#### What the task asks:
Below are records to print word for word; include none of their pictures.

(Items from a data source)
========================================

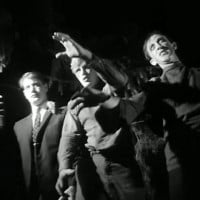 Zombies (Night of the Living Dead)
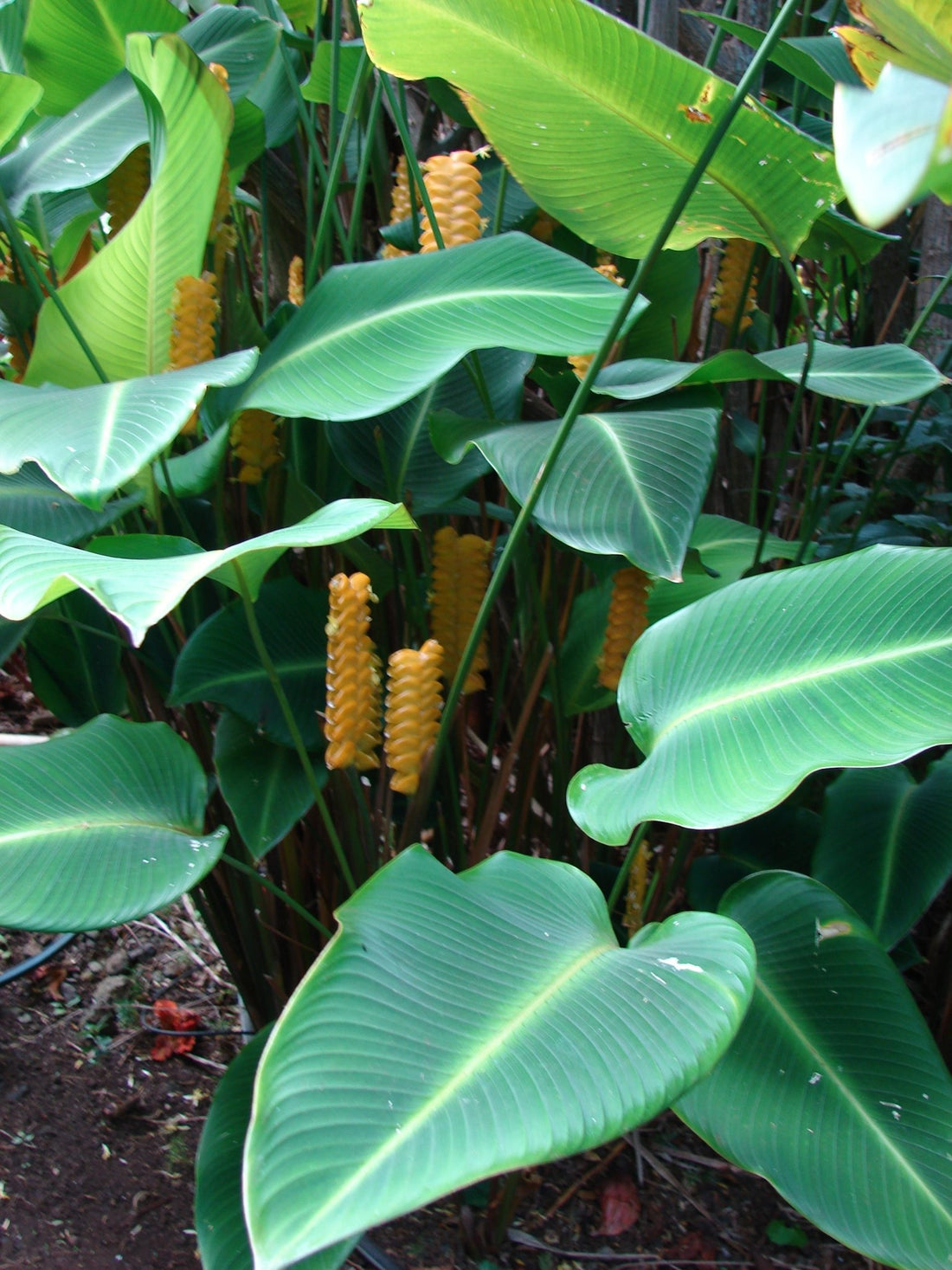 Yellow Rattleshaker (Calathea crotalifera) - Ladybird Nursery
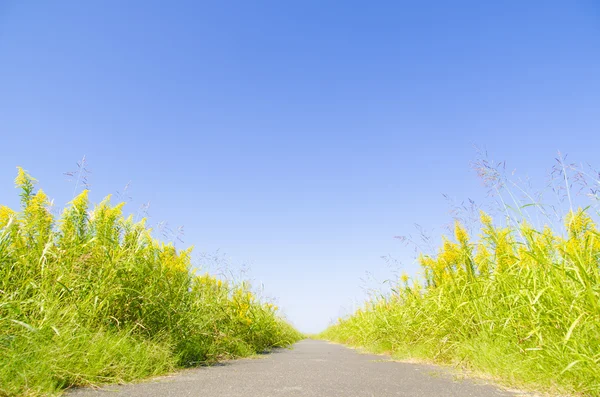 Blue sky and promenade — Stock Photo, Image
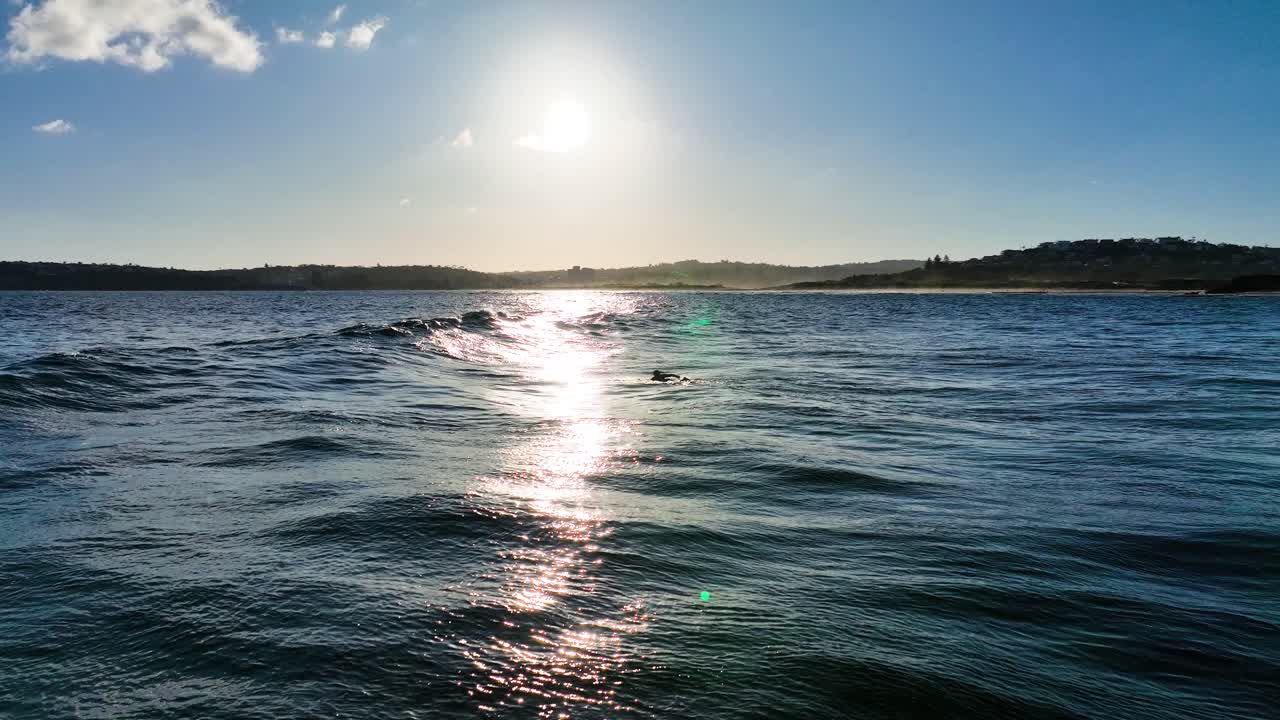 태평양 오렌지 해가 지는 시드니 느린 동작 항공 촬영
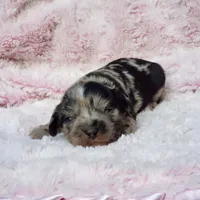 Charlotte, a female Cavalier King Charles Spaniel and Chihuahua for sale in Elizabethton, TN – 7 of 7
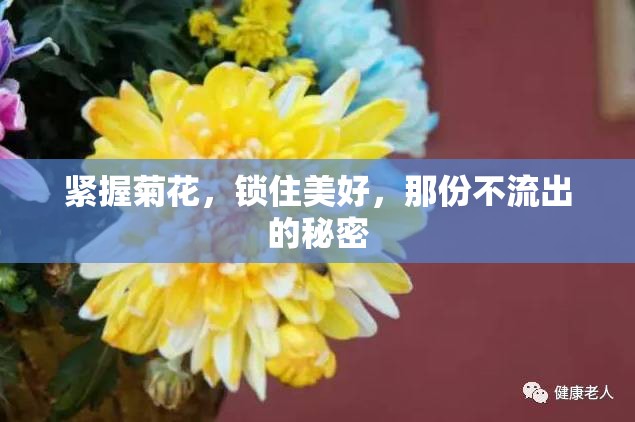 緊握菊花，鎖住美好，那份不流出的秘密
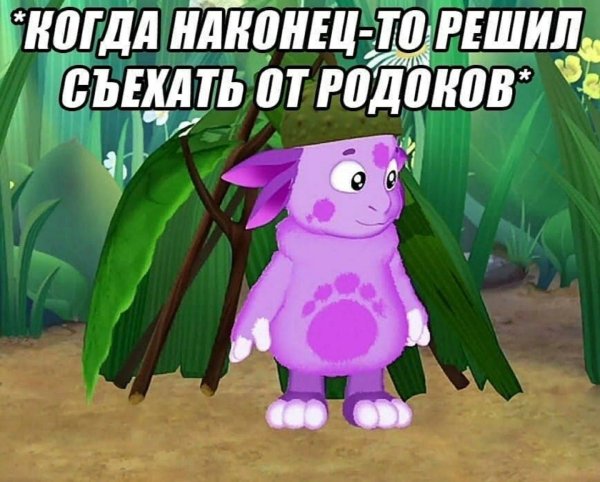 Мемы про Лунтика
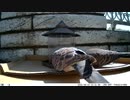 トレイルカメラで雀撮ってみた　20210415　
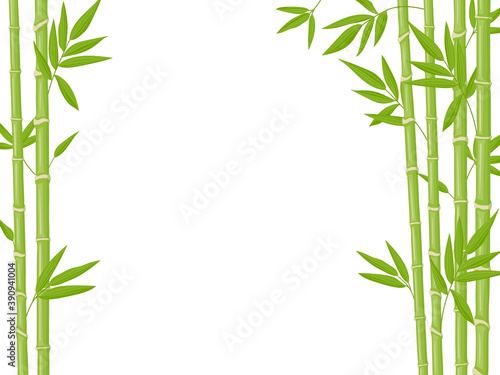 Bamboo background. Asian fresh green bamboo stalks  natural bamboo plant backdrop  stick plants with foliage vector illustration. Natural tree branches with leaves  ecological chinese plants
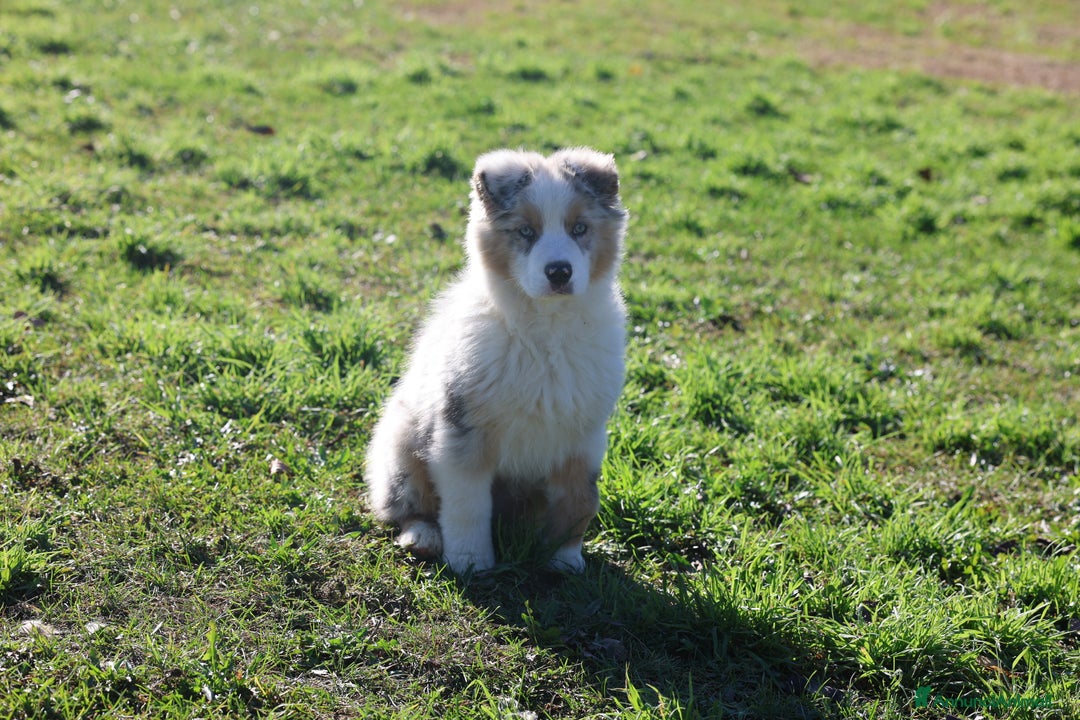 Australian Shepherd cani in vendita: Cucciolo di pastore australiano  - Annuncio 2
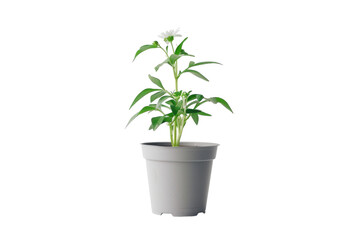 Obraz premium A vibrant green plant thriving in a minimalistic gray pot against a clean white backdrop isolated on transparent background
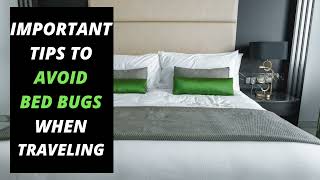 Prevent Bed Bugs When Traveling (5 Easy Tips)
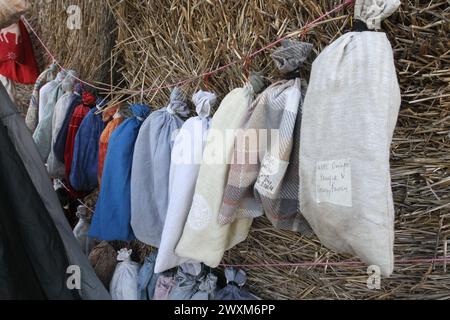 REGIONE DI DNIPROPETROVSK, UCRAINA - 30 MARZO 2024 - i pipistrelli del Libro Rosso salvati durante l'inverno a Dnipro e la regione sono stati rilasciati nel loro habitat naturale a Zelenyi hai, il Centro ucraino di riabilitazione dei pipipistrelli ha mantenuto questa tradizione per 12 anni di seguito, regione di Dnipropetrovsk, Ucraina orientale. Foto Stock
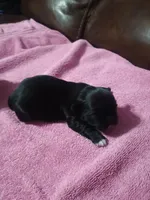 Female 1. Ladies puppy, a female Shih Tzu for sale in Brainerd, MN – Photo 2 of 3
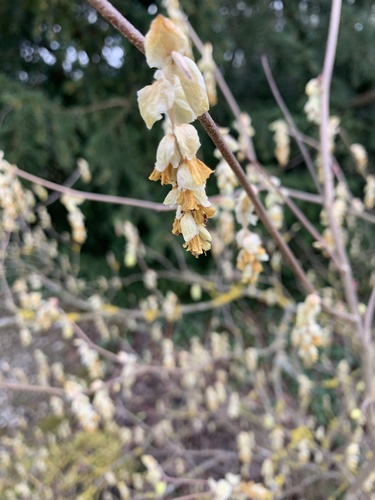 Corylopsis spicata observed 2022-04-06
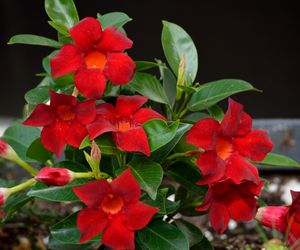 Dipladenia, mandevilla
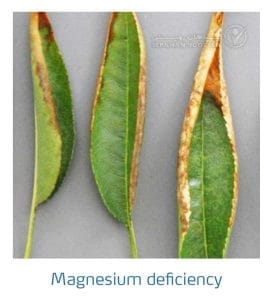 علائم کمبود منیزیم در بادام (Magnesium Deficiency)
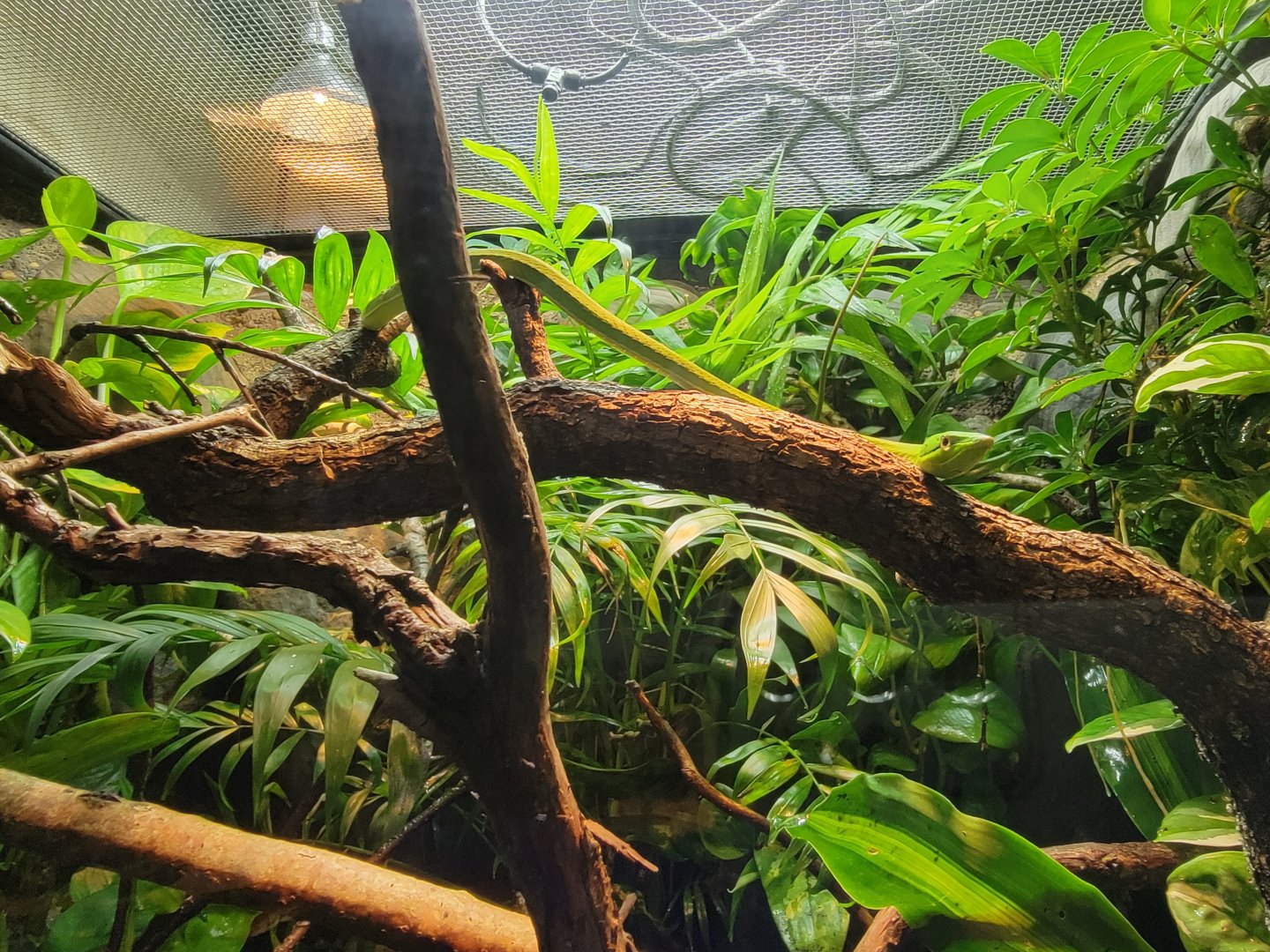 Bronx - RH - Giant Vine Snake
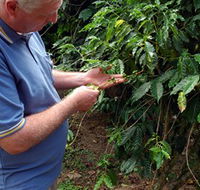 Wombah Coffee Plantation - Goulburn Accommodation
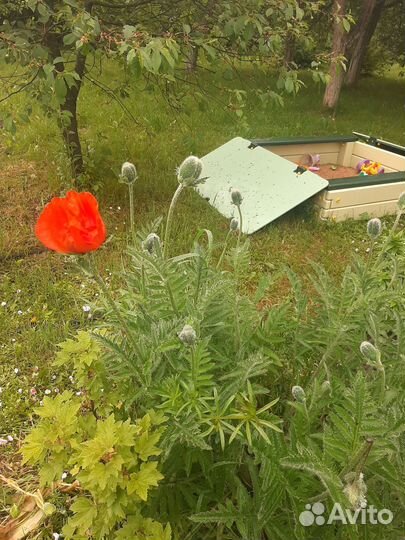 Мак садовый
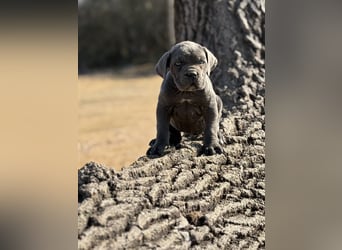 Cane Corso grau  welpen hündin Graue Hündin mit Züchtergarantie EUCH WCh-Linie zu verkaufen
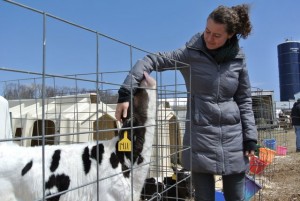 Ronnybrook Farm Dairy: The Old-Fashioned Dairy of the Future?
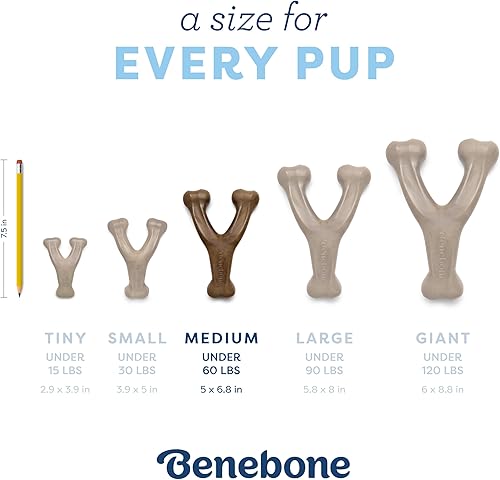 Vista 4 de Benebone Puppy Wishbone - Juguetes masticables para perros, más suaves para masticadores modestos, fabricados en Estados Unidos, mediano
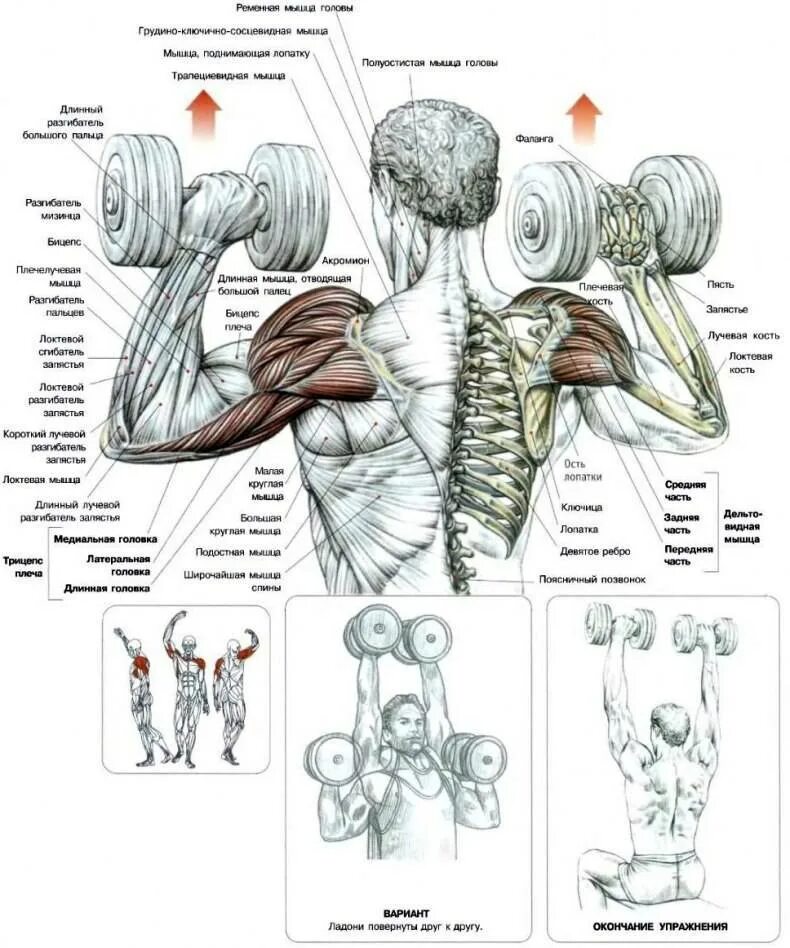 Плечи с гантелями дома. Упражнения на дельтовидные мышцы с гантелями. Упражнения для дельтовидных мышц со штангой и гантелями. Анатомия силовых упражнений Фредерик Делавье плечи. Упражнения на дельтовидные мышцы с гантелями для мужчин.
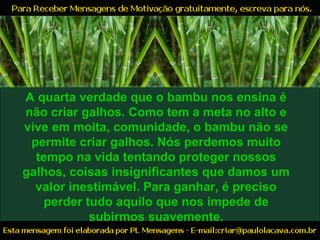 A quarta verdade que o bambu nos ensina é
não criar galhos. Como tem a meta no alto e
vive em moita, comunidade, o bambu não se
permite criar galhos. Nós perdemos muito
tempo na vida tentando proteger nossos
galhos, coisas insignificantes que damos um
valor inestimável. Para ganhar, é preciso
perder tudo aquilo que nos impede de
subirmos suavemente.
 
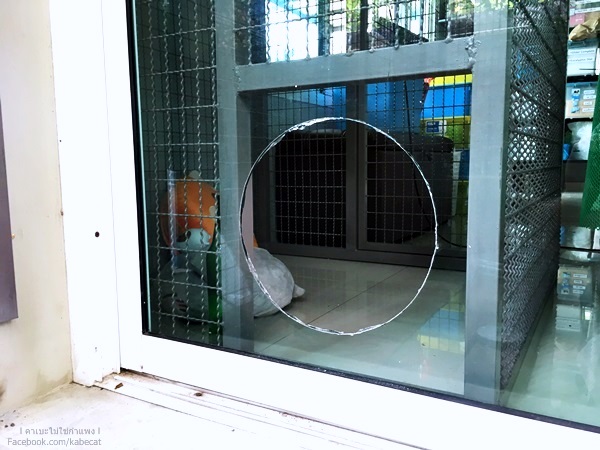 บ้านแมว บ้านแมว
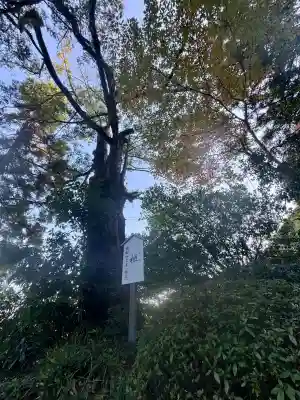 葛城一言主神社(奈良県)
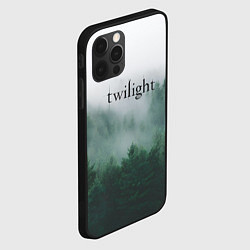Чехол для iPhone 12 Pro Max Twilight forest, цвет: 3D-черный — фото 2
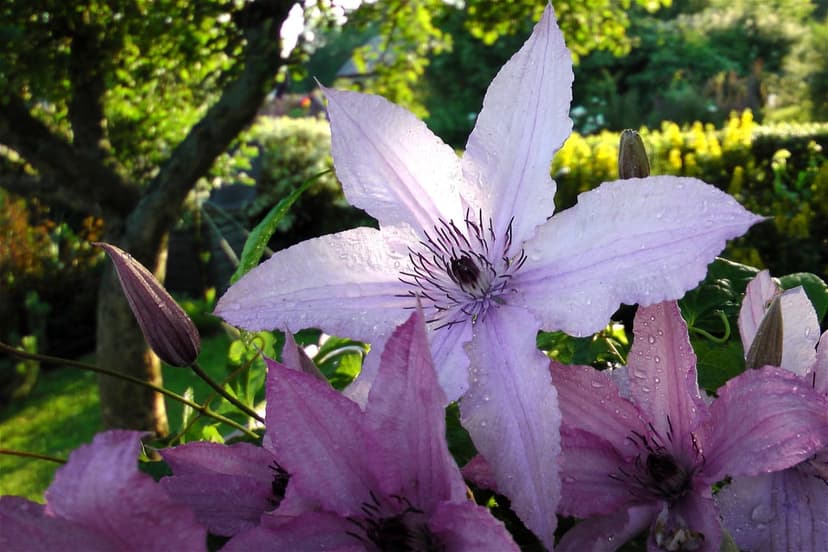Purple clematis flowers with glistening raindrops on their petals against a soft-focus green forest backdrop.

========================================

#### Solution for this task:
 Zombies (Night of the Living Dead)
 Yellow Rattleshaker (Calathea crotalifera) - Ladybird Nursery
 Blue sky and promenade — Stock Photo, Image
 태평양 오렌지 해가 지는 시드니 느린 동작 항공 촬영
 Charlotte, a female Cavalier King Charles Spaniel and Chihuahua for sale in Elizabethton, TN – 7 of 7
 緊握菊花，鎖住美好，那份不流出的秘密
 Мемы про Лунтика
 トレイルカメラで雀撮ってみた　20210415　
 Bamboo background. Asian fresh green bamboo stalks  natural bamboo plant backdrop  stick plants with foliage vector illustration. Natural tree branches with leaves  ecological chinese plants
 Australian Shepherd cani in vendita: Cucciolo di pastore australiano  - Annuncio 2
 Obraz premium A vibrant green plant thriving in a minimalistic gray pot against a clean white backdrop isolated on transparent background
 Prevent Bed Bugs When Traveling (5 Easy Tips)
 REGIONE DI DNIPROPETROVSK, UCRAINA - 30 MARZO 2024 - i pipistrelli del Libro Rosso salvati durante l'inverno a Dnipro e la regione sono stati rilasciati nel loro habitat naturale a Zelenyi hai, il Centro ucraino di riabilitazione dei pipipistrelli ha mantenuto questa tradizione per 12 anni di seguito, regione di Dnipropetrovsk, Ucraina orientale. Foto Stock
 Female 1. Ladies puppy, a female Shih Tzu for sale in Brainerd, MN – Photo 2 of 3
 Corylopsis spicata observed 2022-04-06
 Dipladenia, mandevilla
 علائم کمبود منیزیم در بادام (Magnesium Deficiency)
 Bronx - RH - Giant Vine Snake
 Wombah Coffee Plantation - Goulburn Accommodation
 Мак садовый
 Cane Corso grau  welpen hündin Graue Hündin mit Züchtergarantie EUCH WCh-Linie zu verkaufen
 Ronnybrook Farm Dairy: The Old-Fashioned Dairy of the Future?
 Vista 4 de Benebone Puppy Wishbone - Juguetes masticables para perros, más suaves para masticadores modestos, fabricados en Estados Unidos, mediano
 Плечи с гантелями дома. Упражнения на дельтовидные мышцы с гантелями. Упражнения для дельтовидных мышц со штангой и гантелями. Анатомия силовых упражнений Фредерик Делавье плечи. Упражнения на дельтовидные мышцы с гантелями для мужчин.
 A quarta verdade que o bambu nos ensina é
não criar galhos. Como tem a meta no alto e
vive em moita, comunidade, o bambu não se
permite criar galhos. Nós perdemos muito
tempo na vida tentando proteger nossos
galhos, coisas insignificantes que damos um
valor inestimável. Para ganhar, é preciso
perder tudo aquilo que nos impede de
subirmos suavemente.
 
 บ้านแมว บ้านแมว
 葛城一言主神社(奈良県)
Чехол для iPhone 12 Pro Max Twilight forest, цвет: 3D-черный — фото 2
Purple clematis flowers with glistening raindrops on their petals against a soft-focus green forest backdrop.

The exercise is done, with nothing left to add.